It is a longstanding tradition that the day prior to the Academy Awards, the directors of the films nominated in the foreign-language category take to the stage of the Samuel Goldwyn Theater and talk about their work and the state of international cinema.
This year, the film-makers in question, Denmark's Susanne Bier (After The Wedding), Mexico's Guillermo del Toro (Pan's Labyrinth), Germany's Florian Henckel von Donnersmarck (The Lives Of Others) and Canada's Deepa Mehta (Water) - France's Rachid Bouchareb (Days Of Glory) was en route from the Cesars and unable to participate - genuinely appeared to respect one another on a personal and professional level.
Rather than a formal process of questions and answers, a free-flowing dialogue occurred among the quartet that was eclectic, organic and spontaneous.
And, somewhat ironically, it allowed for fierce disagreement on at least one issue. The subject of commercial success arose and it was quite obvious that three of the group were envious of Pan's Labyrinth's American box office.
The quartet tried to grapple logically with what it is that allows a film to cross borders and connect across cultural and language barriers.
Del Toro referred to film as the cultural equivalent of Esperanto, and that analogy at least connected with the other nominees. Perhaps emboldened, von Donnersmarck suggested that wider acceptance might be attained by dubbing rather than subtitling.
The statement drew a collective shudder, not only from his fellow nominees but from the capacity crowd of 1,200 people.
The Mexican director asserted that "to alter (a film) in any way is a crime". His German brother-in-celluloid countered with the argument that asking an audience to read a translation distracts them from the image. "Yes," replied Bier, "but the (actor's) voice is unique and cannot be replicated."
Her words reminded me of a German friend's confession that he was disappointed when he heard Clint Eastwood for the first time in English. He had grown up with the actor's films dubbed by a huskier, basso performer and was taken aback by the wispier reality of Dirty Harry's voice.
Most US movies go out internationally dubbed into the appropriate language of many export nations.

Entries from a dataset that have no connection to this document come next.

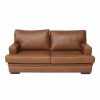 Aussend Leather Couch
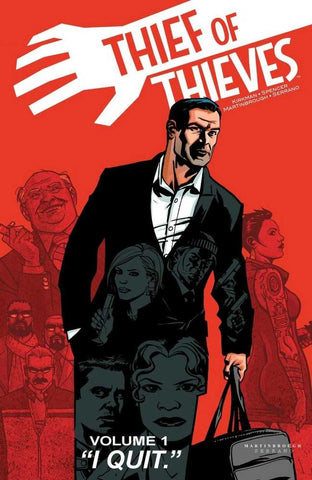 Thief Of Thieves TPB Volume 01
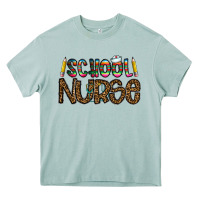 Arona school nurse Heavy Core Tee - CowhideDigitalArt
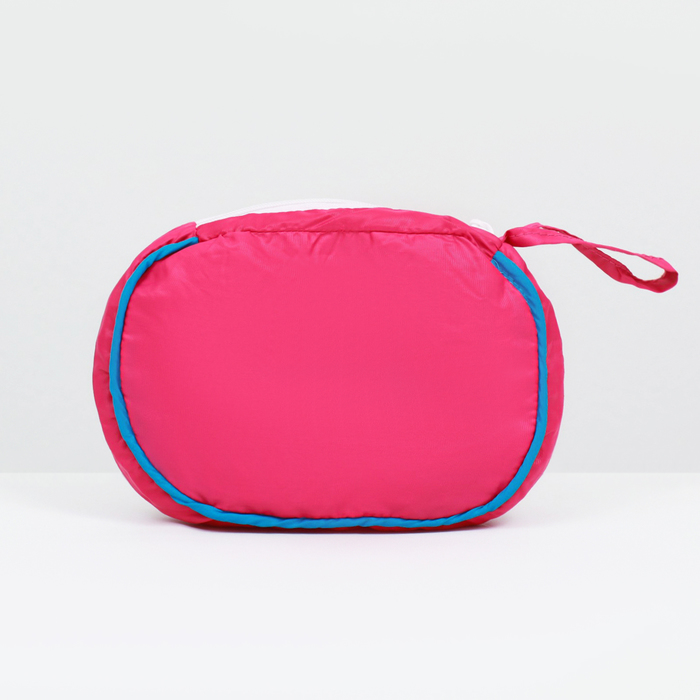 Комбинезон для собак, демисезонный с сумкой, размер L (ДС 33, Ог 45, ОШ 30 см), розовый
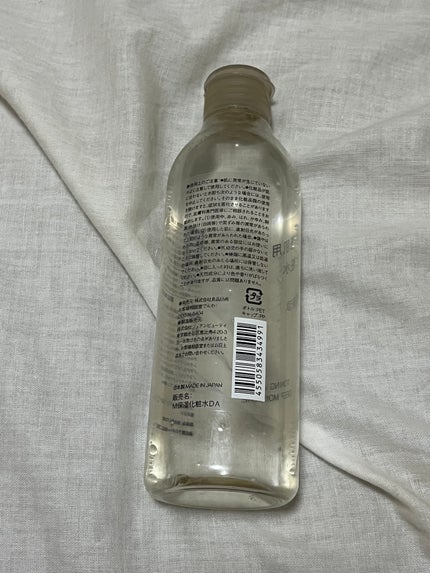 敏感肌用化粧水 高保湿/無印良品/化粧水を使ったクチコミ(2枚目)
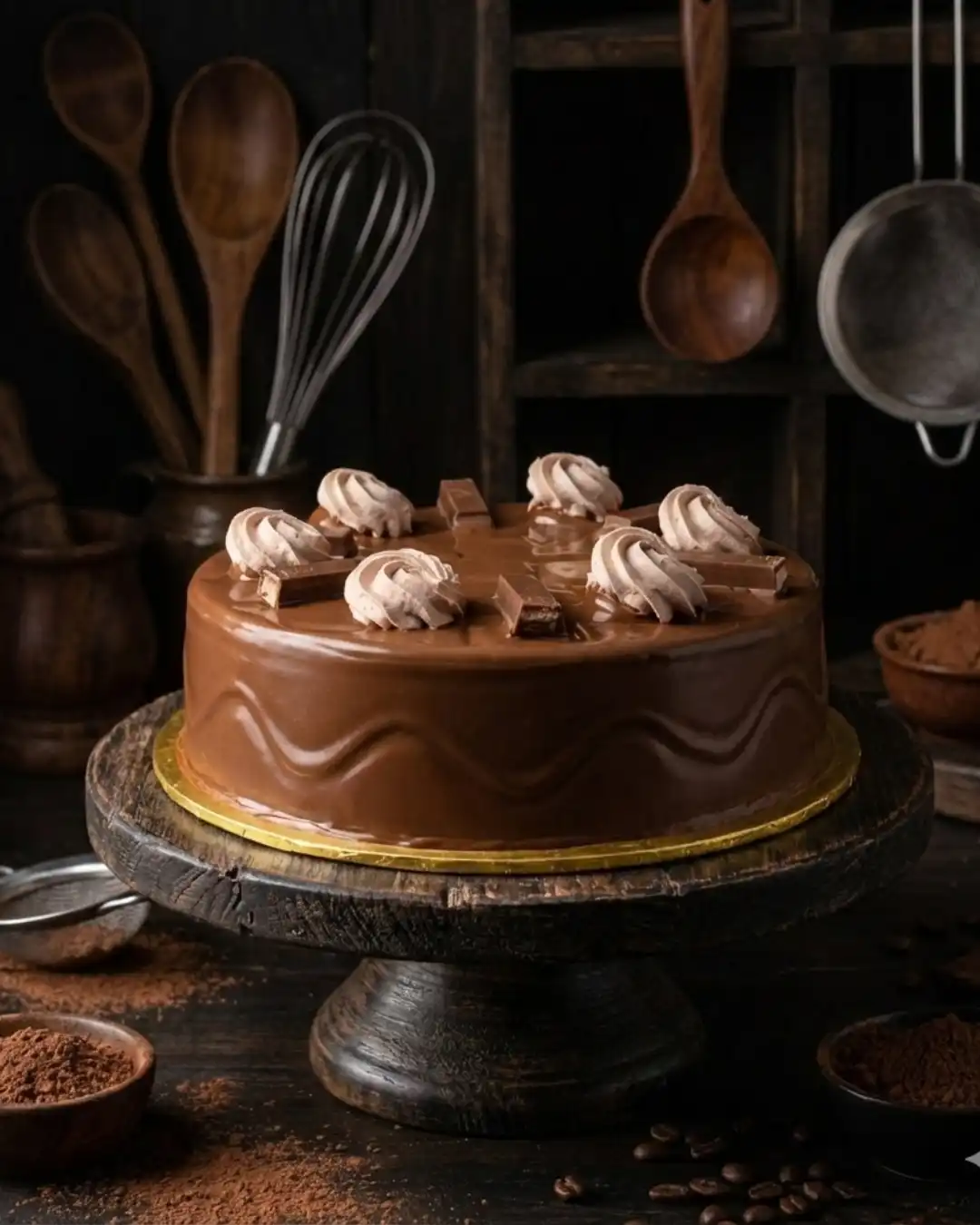 Chocolate Kitkat Cream Cake Chocolate Kitkat Cream Cake - Image 1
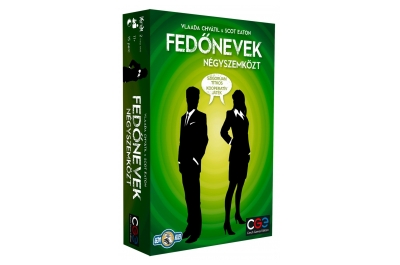 Fedőnevek négyszemközt - társasjáték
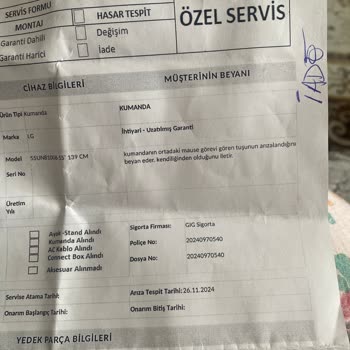 Kumanda Değişiminde Garanti Mağduriyeti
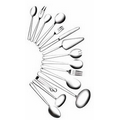 72 Piece Cosmo Flatware Set in Highly Polished Finish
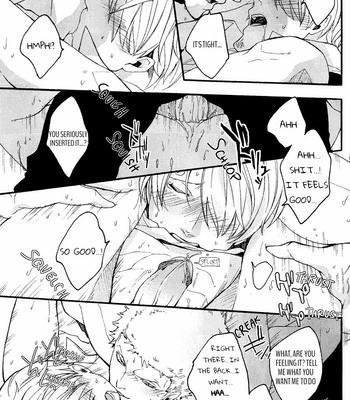 [kyouguraya] One Piece dj – Violence Luna [Eng] – Gay Manga sex 31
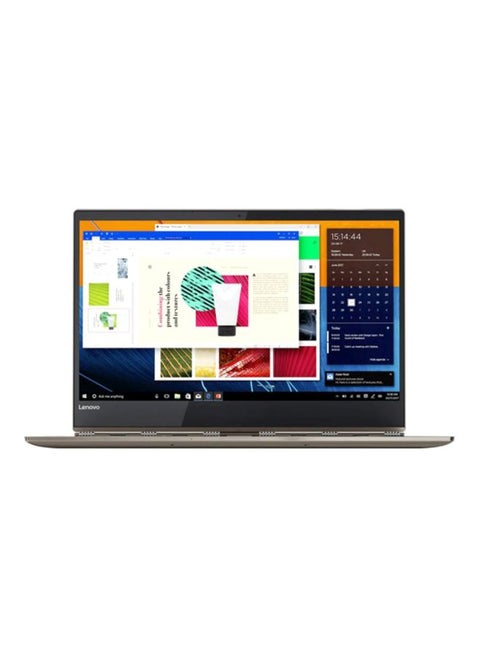 Yoga 920 2-In-1 Laptop With 13.9-Inch Display, Core I7 Processor/8Gb Ram/512Gb Ssd/Intel Hd Graphics English/Arabic Keyboard Copper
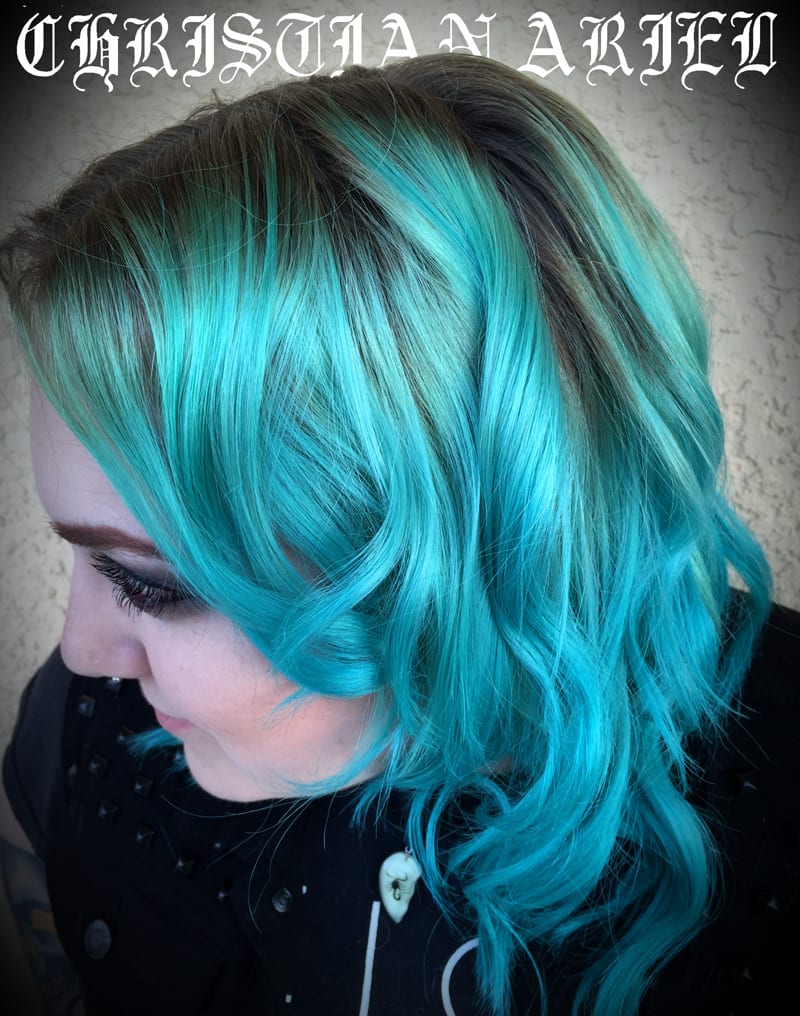 Aqua Blue Pravana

However, there is a double-standard that has evolved in many parts of the world in which purists insist that original language with subtitles is the only way to see a movie.
It is also a surefire way to ensure that it will not be seen by the majority of cinema-goers.
On a basic level, one can appreciate the argument for subtitling. Anyone who has been subjected to one of the myriad instances of crude dubbing, in which lip movement is a vague approximation of dialogue, will understand why its detractors can be so fierce in their opposition.
But dubbing need not be grotesque: some years ago, a version of the 1977 Alain Resnais film Providence was shown in France. Great pains had been taken with the French dub of the English-language film, including voice-casting Gerard Depardieu, Jeanne Moreau and Maurice Ronet in the leads.
Both subtitles and dubbed versions had their own merit, but there is much to be said for the Paris initiative of playing an equal number of dubbed and subtitled versions so that both artistes and barbarians can sit in the dark and share in the experience.